Bertollini, medical director at Redwood Coast Medical Services, where the first coronavirus case in Mendocino County was seen, said the wine donations cheered up the stressed-out, heroic staff. It was reminiscent of other stories he had heard in the community, like people donating $100 bills to grocery store workers.

“People in the community realize how hard the frontline people are working — whether they’re in an ambulance or a grocery store — and they appreciate it,” said Bertolli, a former winemaker.

Nearby Flowers Vineyards & Winery is donating 15% of its bottle sales this month to Every Mother Counts, a nonprofit dedicated to making childbirth safer for mothers everywhere.

“It supports frontline workers particularly as we’re going through COVID,” said Leslie Sullivan, Flowers marketing director.

Flowers has a $55 bottle of 2018 estate pinot noir that has “dark berry, cranberry, rhubarb flavors with black tea and forest floor notes,” Sullivan said.

Flowers Winery has estate vineyards along the ridge tops of the Sonoma Coast just north of Jenner. Virtual tastings are available on its website and curbside pickup is at its House of Flowers, a luxurious indoor and outdoor food and wine tasting room that opened last June in Healdsburg.

For more stories about the coronavirus, go here.

Track cases in Sonoma County, across California, the United States and around the world here.

There’s a variety of flavors in wine from the Sonoma Coast — and with microclimates up and down the coast, no two pinots are the same.

Schoenfeld at Wild Hog said his pinot noir tends to be full-bodied. For west Sonoma Coast wines at Flowers, there’s a minerality imparted by proximity to the ocean, cool winds and a longer growing season.

“Our wines tend to be lighter with more pronounced but nuanced floral aromatics and supple tannins,” Sullivan said.

Another Sonoma Coast winery that offers virtual tastings is Peay Vineyards, which doesn’t have a public tasting room but did tastings by appointment before the stay-at-home order was issued. Tastings are now offered over Zoom.

“This is not just necessary right now, but actually a great way for us to interact with existing customers,” said Andy Peay, sales and marketing. “On Zoom I’m seeing the faces for these names that I’ve emailed or written letters to over decades, frankly. I love it.”

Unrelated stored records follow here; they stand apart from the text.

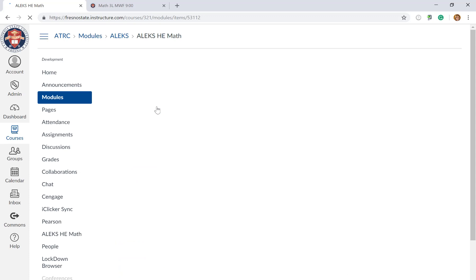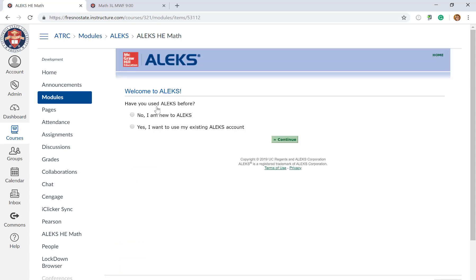After you click on this tool here, this screen will launch and you want to say 'No, I am new to using ALEKS' and select continue.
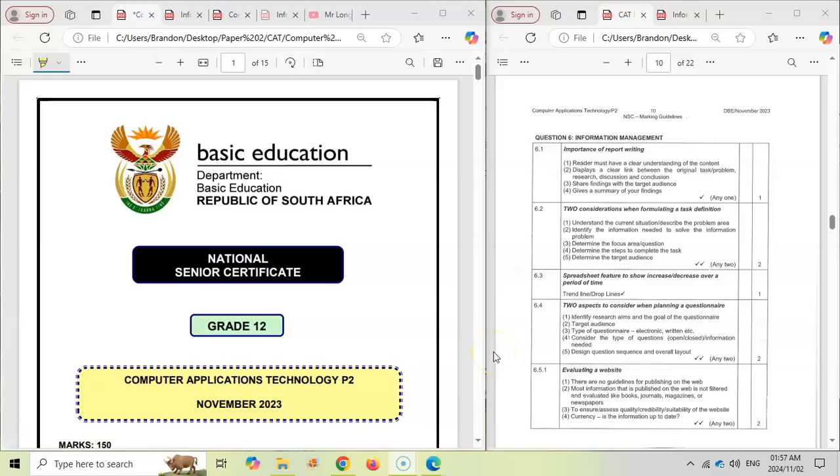Grade 12s, if you're about to write your theory exam or Paper 2, then this is our last video in the video series where we talk about the exam paper and what you can do to prepare.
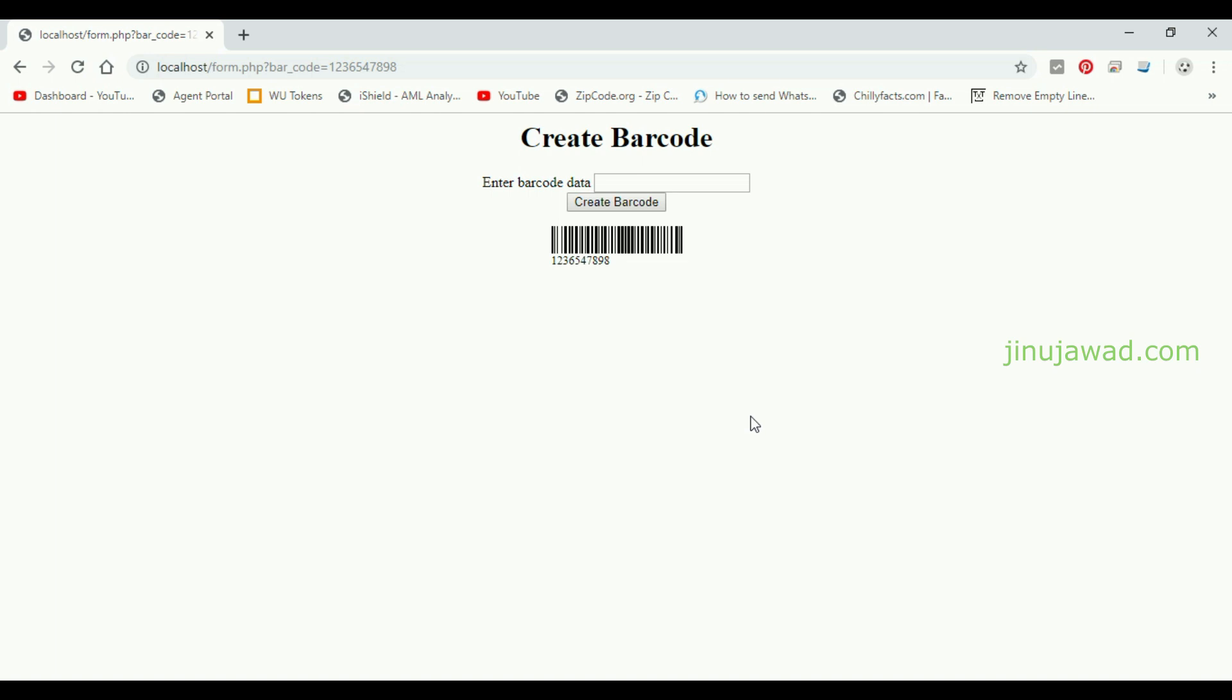So hope you got this, how you can create a barcode using PHP in the easiest method. If you have any doubt please comment below. I will try to help you. I will share this source code in my description. Please like and subscribe for my videos and thanks for watching.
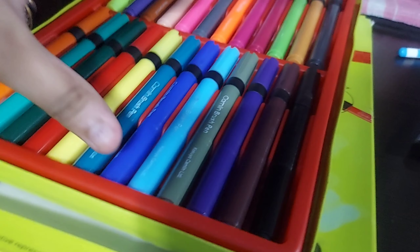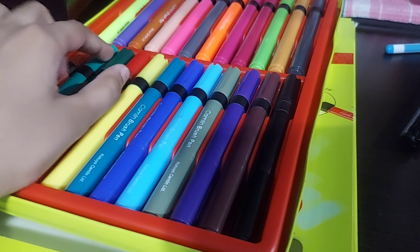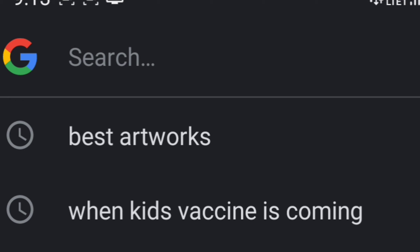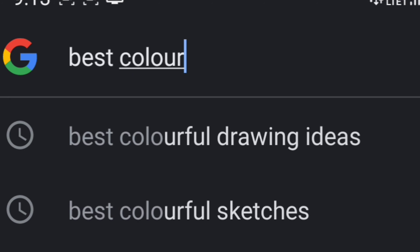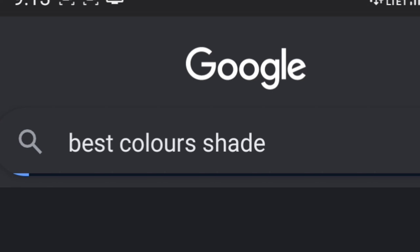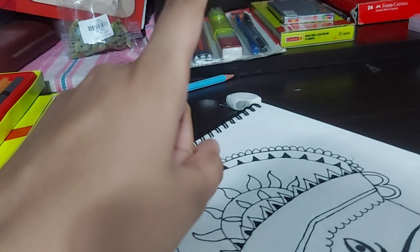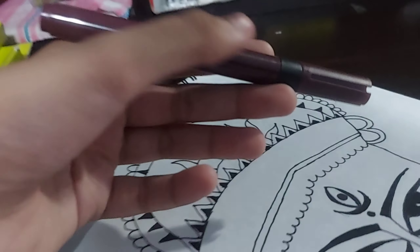Oh my god! Oh my god! Shake! I am going to make a drawing in my hand. Let's go.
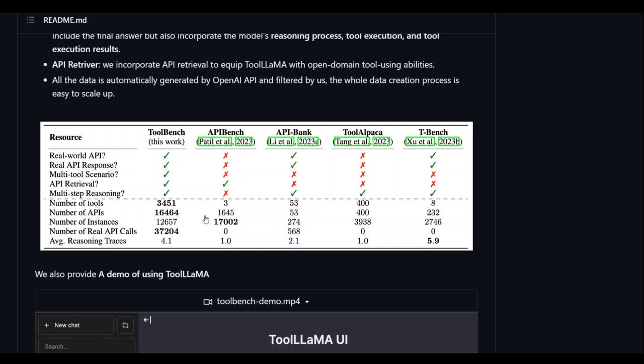It also enables ChatGPT-like generation of diverse instructions for the APIs and also identifies valid solution paths.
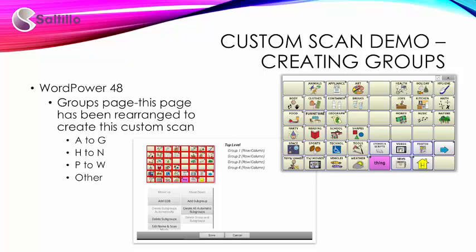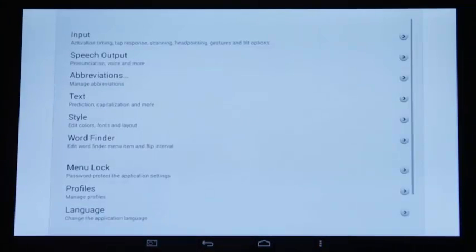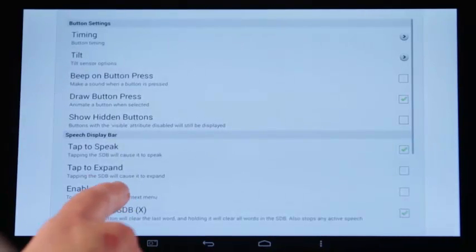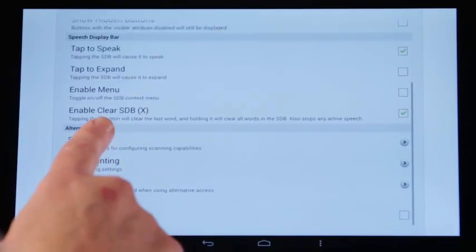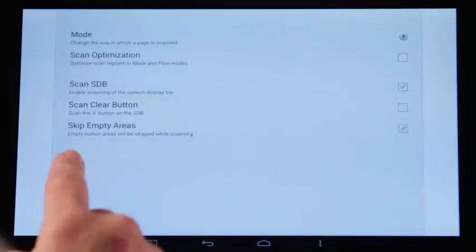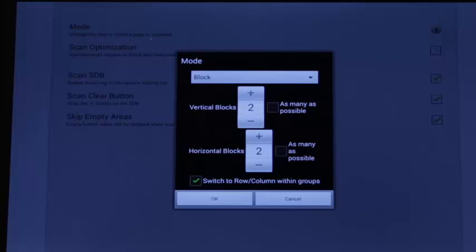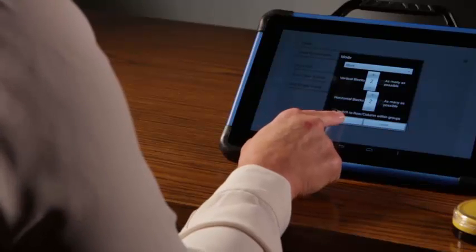Let's confirm the settings are set for this example, then I will set up the custom scan pattern using the scan editor. Tap Menu, Settings, Input, Scanning. Ensure that Enable Scanning is checked. Tap Patterns, Mode, and Block. Vertical and horizontal blocks are set to two by two, creating two vertical blocks and two horizontal blocks. It is defaulted to switch to row column within the block. Tap OK, tap Go Back.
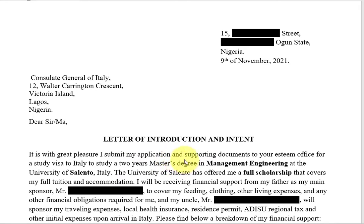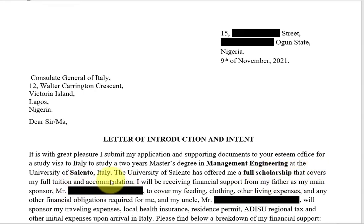If yours is a BSc or bachelor's degree, you should include that instead. I also have a scholarship — a full scholarship was offered to me. In Italy, once you have accommodation and tuition fee waiver, it is considered a full scholarship; you don't need a stipend. So that covers my full tuition and accommodation. If you have a scholarship too, even if it is partial, just write it and state what it covers. If it's just a tuition waiver, write that your university has offered you a scholarship that covers the full tuition.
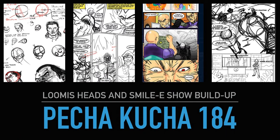Pecha Kucha 184: Loomis heads and Smiley Show build-up. Tuesday was my last working day from home. The rest of the week, which feels a lot longer than it's been, four or five days, I was free to do as I chose.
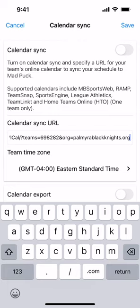The currently supported calendars are: MB Sports Web, Ramp, Team Snap, Sports Engine, League Athletics, Team Linked, and Home Teams Online. Once you've got the Calendar Sync URL entered, you're also going to confirm your team time zone is correct.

About half Peay’s wines sales were direct-to-consumer through its mailing list. The spring line was released this year and has done well, Peay said.

But about 40% of the business used to be restaurant distributors around the country.

“We’ve sent a little bit of wine out, but for the most part, those sales are not going to happen this spring,” he said of restaurant distributors. “That’s been tough.”

When the coronavirus shutdown began, Peay said his winery told restaurants and distributors accounts that payments could be put on hold until the fall in hopes that there will be some reopening by then.

“We’re going to put off our fall release of our wines and distribution to the next spring and give people time to breathe and catch up,” he said.

Peay recommends first-time customers try Sonoma Coast pinot noir and chardonnay, starting at $44 a bottle. The pinots are all made from estate grapes from its coastal vineyard in Annapolis. There’s also a second label they make, Cep Vineyards, using grapes from the Russian River Valley for bottles in the $20 to $30 range.

Pickup is at their winery in Cloverdale, but they also deliver in Sonoma County within an hour’s drive.

He anticipates an influx of local tourism from the Bay area this summer as people are unable to travel nationally or internationally during this pandemic.

“I am hopeful that things will be able to rebound, but it’s hard to say. I don’t think that anybody’s really been through anything like this before,” Sullivan said. “The more that we can support each other and adapt and hopefully be Innovative, I think that the wine industry will find a way.”